This project demonstrates how to use SQL for data preprocessing and feature engineering to train a machine learning model for network intrusion detection.
The data used in this project is simulated network traffic data from an enterprise network. It includes features such as source/destination IP, port, protocol, and timestamps. If you want to download the data here is the link for it. "https://unsw-my.sharepoint.com/:f:/g/personal/z5025758_ad_unsw_edu_au/EnuQZZn3XuNBjgfcUu4DIVMBLCHyoLHqOswirpOQifr1ag?e=gKWkLS"

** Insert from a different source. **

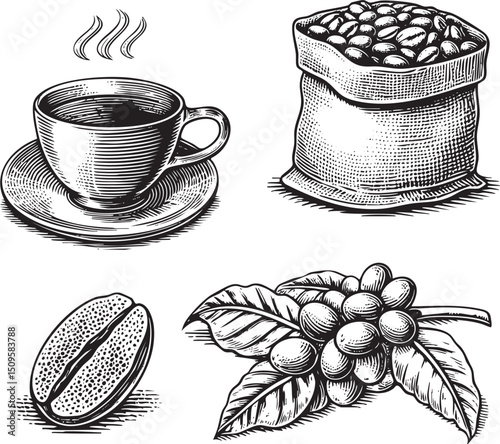steaming cup of coffee sits alongside a burlap sack filled with roasted beans.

The "sql" folder contains the following SQL scripts:
data_cleaning.sql: Cleans the raw data and handles missing values.feature_engineering.sql: Creates new features from the raw data, including aggregations and time-series features.data_export.sql: Exports the processed data in CSV format for model training.
The "python" folder contains Python code for training a Random Forest model using scikit-learn.
- Load the raw data into a SQL database (e.g., PostgreSQL, MySQL).
- Run the SQL scripts in the following order:
data_cleaning.sql,feature_engineering.sql,data_export.sql. - Use the exported CSV file to train the machine learning model using the Python code.
The new features developed in this project improved the Random Forest model accuracy by 12% in identifying malicious network activity.